I have never been able to stick to a diet, a fact which I'm beginning to believe is in my favor. My weight has had its ups and downs over the years, but not significantly. Not long out of college, I spent a couple of months working 6-7 days a week with our lunches and dinners ordered from restaurants (and plenty of donuts available in the mornings), and at the end of it I weighed 10-15 pounds more than I do now after two children. Breastfeeding has given me a nice metabolic boost with both children, but my weight stayed comfortably at my pre-pregnancy level in between children as well. These days, I weigh about 3-4 pounds less than I did before Charlotte. I chalk it up mainly to eating better.

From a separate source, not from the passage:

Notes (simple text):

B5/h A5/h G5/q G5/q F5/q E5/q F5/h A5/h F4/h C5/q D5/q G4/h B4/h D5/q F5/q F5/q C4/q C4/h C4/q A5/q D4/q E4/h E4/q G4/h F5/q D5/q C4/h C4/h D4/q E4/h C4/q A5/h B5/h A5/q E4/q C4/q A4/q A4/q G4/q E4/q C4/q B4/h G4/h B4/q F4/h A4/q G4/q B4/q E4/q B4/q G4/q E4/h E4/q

I don't eat a low-fat diet. I would call it a moderate-fat diet. I don't eat a low-carb diet, though I eat a large portion of my carbs as whole-grains (the rest probably comes from chocolate, lol). I love meat--especially beef, and I can match my husband ounce for ounce on steaks. I love vegetables, crave them, and really hate most canned ones. When we do try to grab a quick bite to eat out, my husband probably cringes every time I say that I want somewhere with veggies (and chips and fries don't count)...we eat a lot of Subway and St. Louis Bread Company. I like salad dressings and butter, and did I mention chocolate? And, I completely count the calcium from ice cream as meeting part of my daily requirement--I also eat it in a coffee cup and not a bowl (easier to scoop out enough to be satisfied without it looking skimpy).

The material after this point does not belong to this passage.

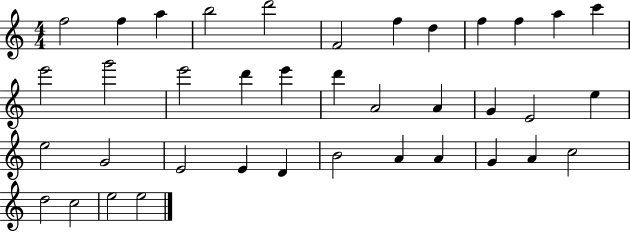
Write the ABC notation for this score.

Whenever I eat a lot of truly junky food (greasy burgers and fries, chips, too much caffeiene), I just plain feel yucky and start overeating, probably my body's attempt at filling the nutritional gap. But, I also start having food cravings when I don't get enough fat in my diet, and find myself binging on sugar or bread in an attempt to feel satisfied. It's amazing the difference a little olive oil or peanut butter can make in my attitude towards food.

I prefer my food to be both healthy and delicious. Asparagus? Wrap in prosciutto, or drizzle with olive oil, s&p, and oven roast it. Yumm, I think we have some waiting in the fridge. I always include a dash of salt when cooking my oatmeal (old-fashioned rolled oats, sometimes with rolled barley and/or a sprinkle of flax seed meal), the salt brings out the flavor of the cinnamon and brown sugar. My occaisional coffee? More often than not a decaf mocha with whipped cream (Most places use skim milk these days without having to ask). I doubt a day passes that I don't have a piece or two of chocolate. These days it has to be dark, or I overeat on it too...wonder if there's some nutrient in there that my body craves.

I learned a couple of interesting lessons on that day in elementary school. One is that healthy food can be good food. The other is I can't always convince people to agree with me. I guess that leaves more pizza for me!